(Short web captions)
__________________________________________________
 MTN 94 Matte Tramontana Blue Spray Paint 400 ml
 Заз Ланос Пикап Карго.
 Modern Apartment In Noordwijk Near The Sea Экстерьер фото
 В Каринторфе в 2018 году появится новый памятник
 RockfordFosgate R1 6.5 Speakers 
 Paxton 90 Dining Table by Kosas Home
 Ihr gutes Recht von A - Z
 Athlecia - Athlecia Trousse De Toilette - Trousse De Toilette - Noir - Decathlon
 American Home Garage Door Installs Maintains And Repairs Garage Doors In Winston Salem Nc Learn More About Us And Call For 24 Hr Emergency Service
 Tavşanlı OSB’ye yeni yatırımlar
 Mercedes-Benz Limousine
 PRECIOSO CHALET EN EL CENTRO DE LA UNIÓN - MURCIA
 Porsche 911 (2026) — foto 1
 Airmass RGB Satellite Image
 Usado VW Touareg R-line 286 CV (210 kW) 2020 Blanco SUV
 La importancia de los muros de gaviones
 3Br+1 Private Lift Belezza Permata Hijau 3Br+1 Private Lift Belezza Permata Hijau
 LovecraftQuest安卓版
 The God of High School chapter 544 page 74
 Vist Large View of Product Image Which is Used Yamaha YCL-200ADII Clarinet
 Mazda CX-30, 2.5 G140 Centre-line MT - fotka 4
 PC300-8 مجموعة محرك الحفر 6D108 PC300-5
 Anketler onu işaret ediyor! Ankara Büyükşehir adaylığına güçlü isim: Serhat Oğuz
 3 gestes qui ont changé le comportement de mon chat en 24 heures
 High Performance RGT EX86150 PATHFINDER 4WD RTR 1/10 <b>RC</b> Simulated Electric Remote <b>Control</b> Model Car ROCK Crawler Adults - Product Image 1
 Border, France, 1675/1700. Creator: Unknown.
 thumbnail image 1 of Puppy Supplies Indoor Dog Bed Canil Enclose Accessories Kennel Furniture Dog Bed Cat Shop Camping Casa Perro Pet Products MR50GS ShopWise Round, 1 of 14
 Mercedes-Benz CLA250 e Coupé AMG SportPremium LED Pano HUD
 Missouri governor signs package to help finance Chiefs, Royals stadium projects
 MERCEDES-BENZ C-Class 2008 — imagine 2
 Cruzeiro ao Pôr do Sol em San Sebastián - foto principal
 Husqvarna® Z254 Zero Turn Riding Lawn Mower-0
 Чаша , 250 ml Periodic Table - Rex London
__________________________________________________
- **Task instructions**: Search the lines above for the string "High", then show every one that has it.

- **Result for this task**:
 The God of High School chapter 544 page 74
 High Performance RGT EX86150 PATHFINDER 4WD RTR 1/10 <b>RC</b> Simulated Electric Remote <b>Control</b> Model Car ROCK Crawler Adults - Product Image 1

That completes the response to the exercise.